= War and Peace Studies =

War and Peace Studies was a project carried out by the Council on Foreign Relations between 1939 and 1945 before and during American involvement in World War II. It provided strictly confidential advisories to the U.S. government on conduct in the war and the subsequent peace. Its full title was Studies of American Interests in the War and the Peace.

The project was divided into four major areas: economic and financial, security and armaments, territorial, and political. Over 100 men took part. Funding was provided by the Rockefeller Foundation, which provided almost $350,000 over the course of the project. A steering committee was created in December 1939 chaired by U.S diplomat Norman Davis with Foreign Affairs editor Hamilton Fish Armstrong as vice-chairman. Initial area heads were:

- Alvin Hansen and Jacob Viner led the economic and financial group
- Whitney Shepardson, who led the political group
- Allen Welsh Dulles and Hanson W. Baldwin, who led the armaments group, and
- Isaiah Bowman, who led the territorial group.
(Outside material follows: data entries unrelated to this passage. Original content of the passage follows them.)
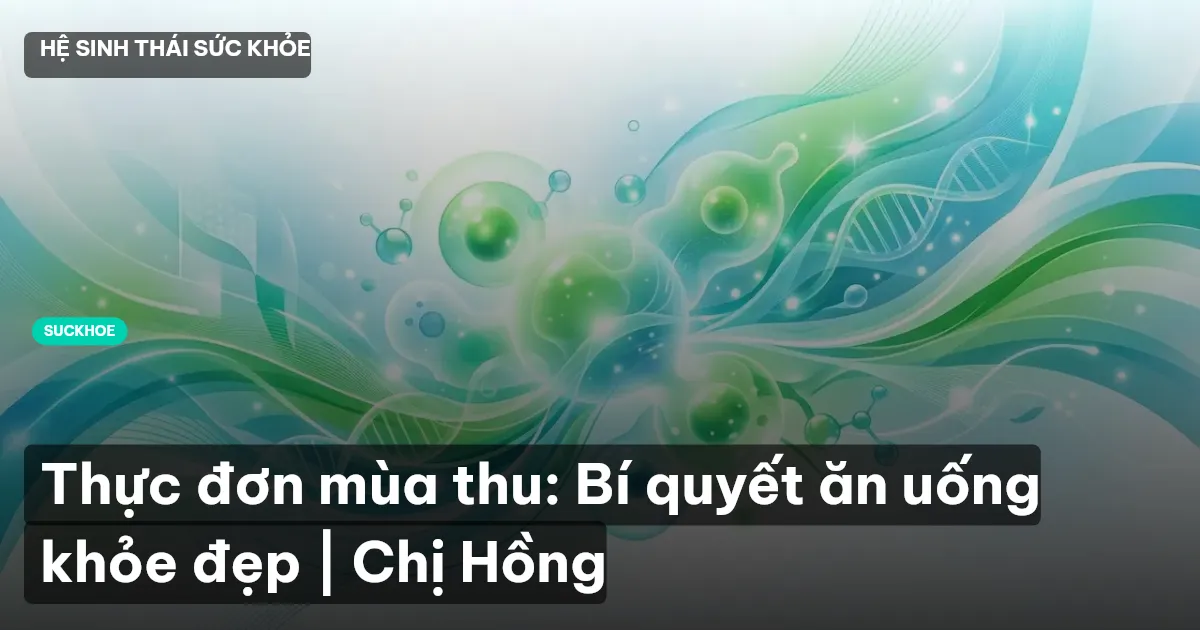 thực đơn mùa thu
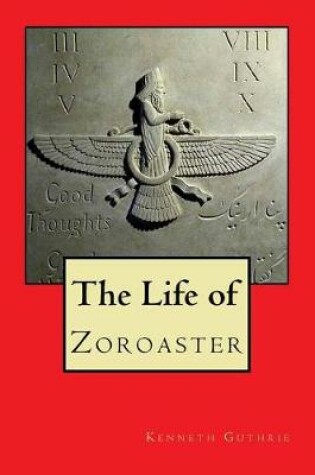Cover of The Life of Zoroaster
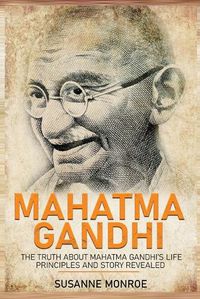 Cover image for Mahatma Gandhi: The Truth about Mahatma Gandhi's Life Principles and Story Revealed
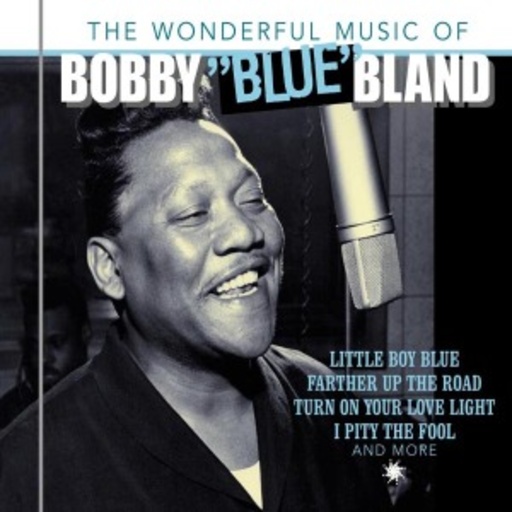 The Wonderful Music Of Bobby „Blue“ Bland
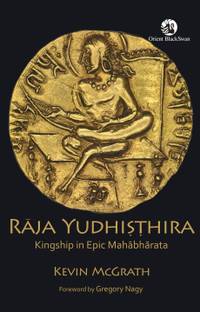 Raja Yudhisthira  - Kingship in Epic Mahabharata
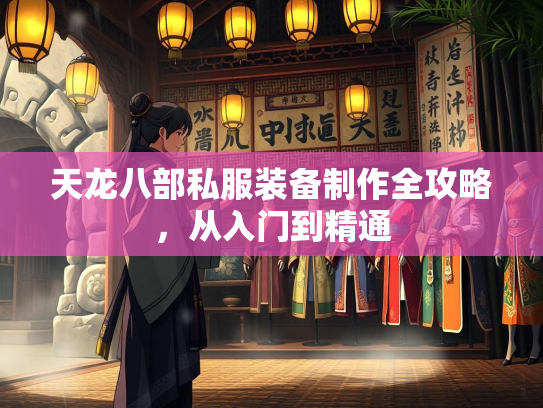 天龙八部私服装备制作全攻略，从入门到精通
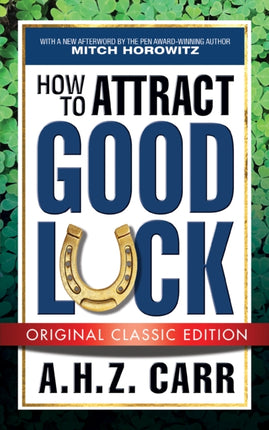 How to Attract Good Luck (Original Classic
A research secretary was appointed to each group:
- William Diebold, for the economic and financial group
- Walter R. Sharp, for the political group, and
- Grayson L. Kirk, for the armaments group
- William P. Maddox, for the territorial group

From March 1942, the project supplied research secretaries to the State Department's Advisory Committee on Postwar Foreign Policy, with each group's secretary serving the corresponding subcommittee at the State Department. Meetings were scheduled to allow secretaries to carry out Council work during the first half of each week with the remainder of the week spent at the Department of State.